USAID and CIAT meet with partners to discuss innovative monitoring methodology combining land use and biodiversity data

On September 17,  the International Center for Tropical Agriculture (CIAT) and USAID held a consultation workshop to start developing a biodiversity monitoring tool to assess impact investment initiatives in the Amazon and other activities carried out in partnership with the private sector - a first of its kind  that combine satellite data on land use with biodiversity monitoring information.

“The idea was to bring together geospatial imaging and biodiversity experts to come up with innovative ideas on how to make this link, i.e., how to measure the impact of an activity on biodiversity over time and with geospatial models. USAID is proposing this as a major approach to evaluate if private sector initiatives in the Amazon really do make a difference.” explained Anna Toness, USAID/Brazil Environment Director. 

The meeting brought together for the first time approximately 20 experts from this field with representatives from the Instituto de Pesquisas Ecológicas (IPÊ), the United States Forest Service, the Instituto Chico Mendes de Biodiversidade (ICMBio) and the Instituto de Pesquisa Ambiental da Amazônia (IPAM), as well as other Brazilian government representatives. During the day, participants attended lectures on different forms of monitoring – such as the Terra-i System, which helps interpret satellite data on land-use, and the experiments on remote biodiversity monitoring carried out by the Mamirauá Institute in the state of Amazonas.

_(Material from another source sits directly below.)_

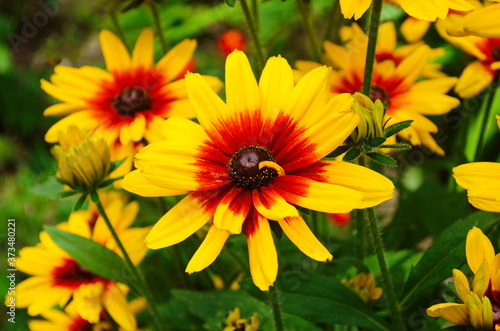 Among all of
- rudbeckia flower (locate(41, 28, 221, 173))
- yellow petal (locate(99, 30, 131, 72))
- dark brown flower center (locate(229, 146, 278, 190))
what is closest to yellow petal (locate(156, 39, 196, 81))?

According to Kátia Ribeiro, ICMBio’s Environmental Analyst, this initiative could be very positive: “For us, having access to tools that can effectively monitor the impact of biodiversity actions is a major win. We already have a very large network of initiatives that have developed solutions that talk to each other, and can help generate landscape scale results.”

All contributions received during the workshop will be reviewed to develop a conceptual framework for the tool. The continued participation of key actors in the development of this conceptual framework is of paramount importance, given the wide experience and knowledge of Brazilian institutions working in the Amazon. Therefore, discussions with workshop participants will continue. This will foster collaboration and help to jointly build a biodiversity monitoring methodology that can meet both CIAT and USAID objectives. It can also help other institutions specializing in biodiversity monitoring – and benefit all sectors of society engaged in this difficult task.